● **DIRECTIONS**
In the entries below, begin at the line that has "Produktbild: L'influence d'un livre", stop after the line that has "стафф Абдулино", and output those lines exactly with no pictures.

==========

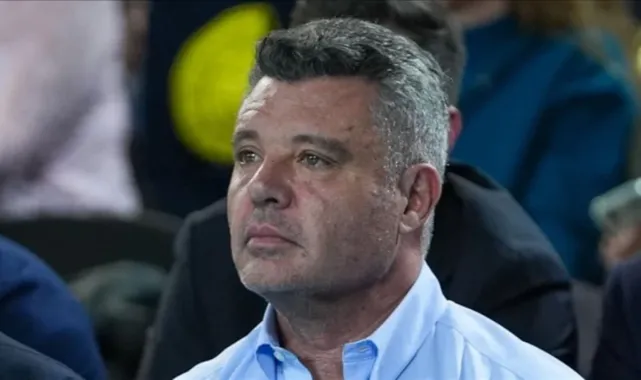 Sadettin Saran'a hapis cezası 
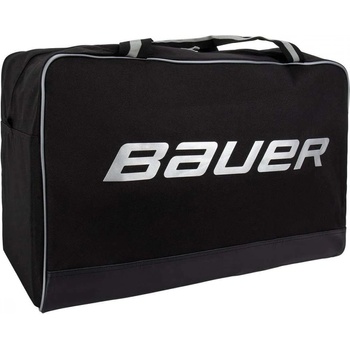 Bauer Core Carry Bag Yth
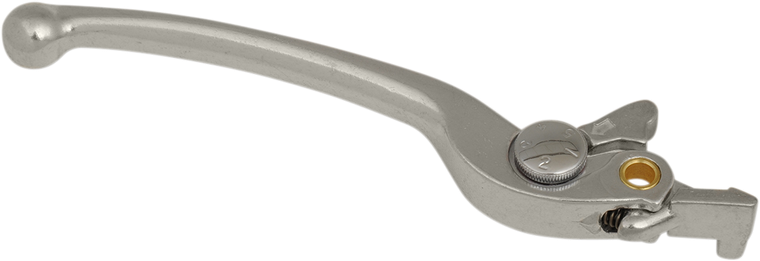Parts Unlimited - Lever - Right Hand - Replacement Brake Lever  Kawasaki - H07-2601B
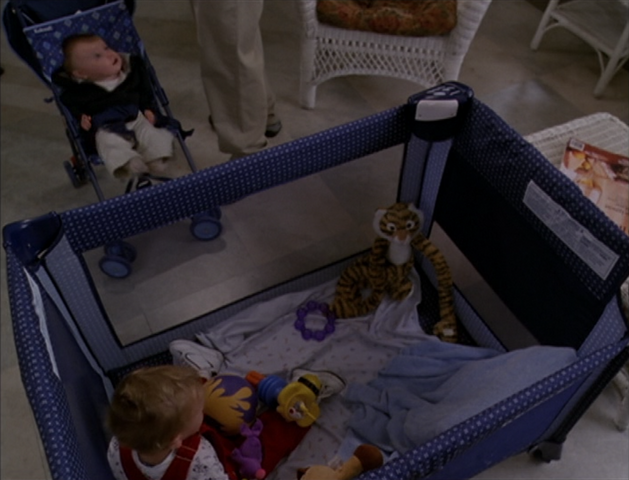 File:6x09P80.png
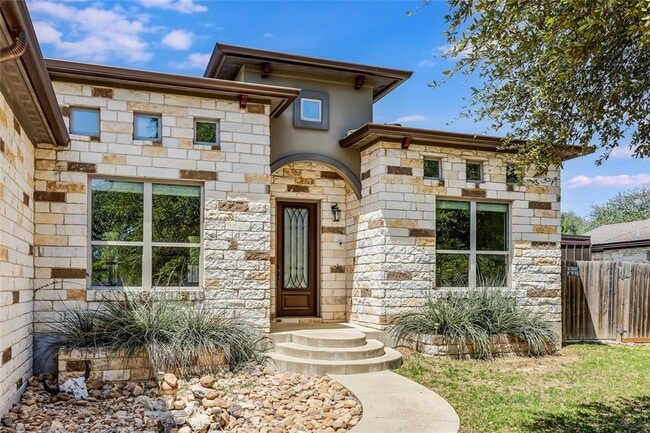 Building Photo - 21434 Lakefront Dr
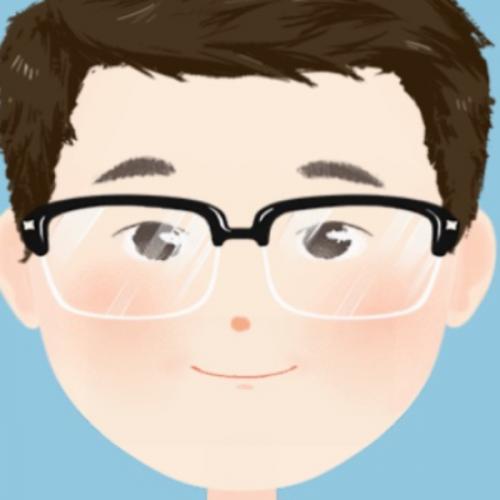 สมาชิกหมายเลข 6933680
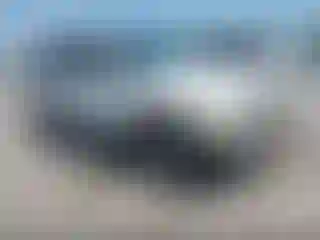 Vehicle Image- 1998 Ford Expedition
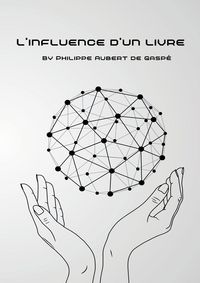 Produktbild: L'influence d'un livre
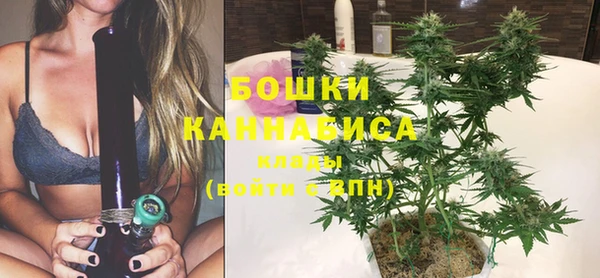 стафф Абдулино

==========

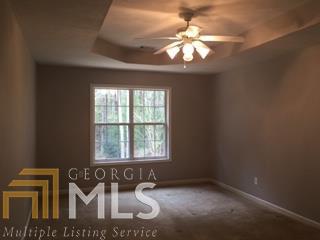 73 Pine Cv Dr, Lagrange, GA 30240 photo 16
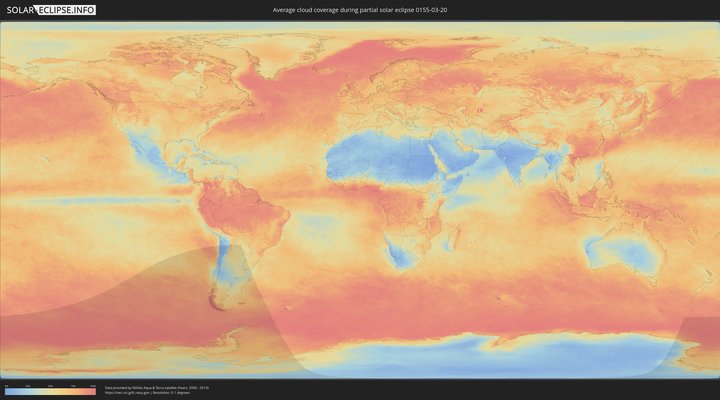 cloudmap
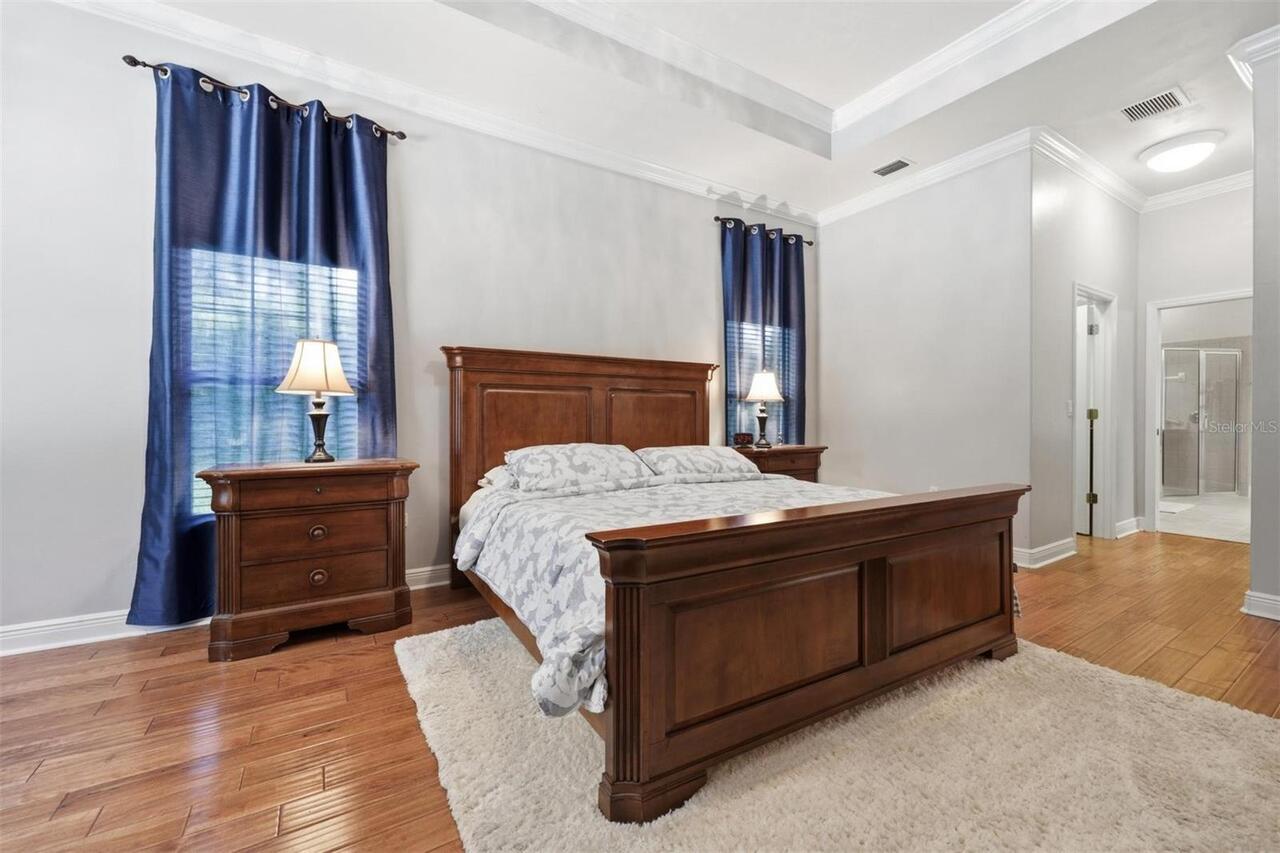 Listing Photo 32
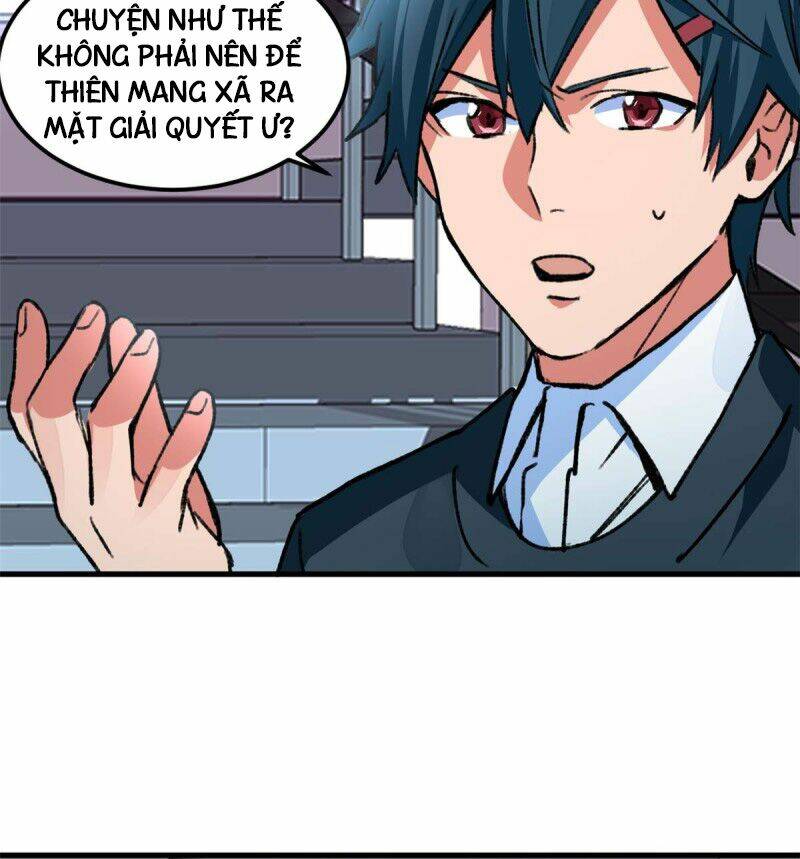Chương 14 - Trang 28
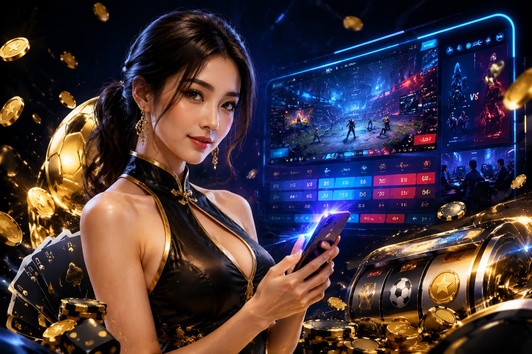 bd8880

==========

● **YOUR RESPONSE**
 Produktbild: L'influence d'un livre
 стафф Абдулино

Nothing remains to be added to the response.